Platero believes this design was necessary to imagine a built space where people could remember, reflect, and mourn. “Monuments, too, mark our shared cultural and emotional milestones,” he says. “By creating a memorial capable of activating senses and memories in this way, we can remind our visitors—as the pandemic has—that we as human beings are subordinate to nature and not the other way around.”

First Memorial for Covid-19 Victims

World Memorial to the Pandemic (Design by Gómez Platero Architecture & Urbanism)

Monuments dedicated to the dead have been around for millennia, so this idea of building a memorial isn’t new. But while this particular design is in its early stages of being conceptualized, there are many monuments across the world that are being torn down. In 2020, in particular, there has been an uprising of concerns over confederate statues in the United States that celebrate individuals with complicated and increasingly problematic histories. In order to understand why the demand to take these monuments down is important and what this means for the future, we have to look back and recognize why we have monuments in the first place.

 

Why Do We Have Monuments?

Monuments are fundamental to the human experience—they allow us to remember our past, express the values of our culture, and sometimes to even oppress with a constant reminder of a difficult history or societal expectation. Aside from burial sites and temples, some of the oldest structures in the world are memorials to the dead. Monuments or commemorative statues are types of memorials that often pay homage to individuals. The statue is often built in the likeness of the person it’s commemorating. Each monument serves as a physical representation of a memory that is celebrated. This can be especially problematic with time, as what was once celebrated is eventually reexamined, criticized, and potentially vilified.

 

How Confederate Statues Are Making Architects Rethink Monuments

Confederate Monument

Nathan Bedford Forrest Monument (Photo: Stock Photos from Suzanne C. Grim/Shutterstock)

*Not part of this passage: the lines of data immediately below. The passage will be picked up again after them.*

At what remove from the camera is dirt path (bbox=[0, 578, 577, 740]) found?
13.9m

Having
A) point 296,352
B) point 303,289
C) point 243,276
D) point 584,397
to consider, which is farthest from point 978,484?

“All wars are fought twice, the first time on the battlefield, the second time in memory.” These words were written by Viet Thanh Nguyen, author of The Sympathizer, referring to the Vietnam War. At a Harvard Graduate School of Design event titled “On Monuments: Place, Time, and Memory,” past Harvard President Drew Gilpin Faust shared her thoughts on this theory in regard to the American Civil War. She said that, in many ways, though the North won the battle, the South has continued the fight in memory. This is demonstrated by the survival of the confederate flag long after the confederacy’s four-year-long existence and the emergence of confederate statues that spiked 50 years after the war’s end.

This story may be a meaningful example to understand how monuments have the power to oppress, and how the intention of a monument is far more relevant than the figure or form they depict. In today’s political climate, the importance of remembering our past and acknowledging the shifting values of our society has become increasingly important. How do we preserve current monuments that no longer meet our values, and should we preserve them at all? Is intention important when considering the removal of monuments? Do monuments need to be more abstract to stand the test of time? Do memorials need to do something, do we expect to engage with these spaces to feel connected to our past? These are all valid questions and concerns that architects are now addressing in their designs. There is a clear shift in the way monuments are now being designed.

 

Nathan Bedford Forrest Monument

Statue of Nathan Bedford

Nathan Bedford Forrest Monument (Photo: Stock Photos from L. Kragt Bakker/Shutterstock)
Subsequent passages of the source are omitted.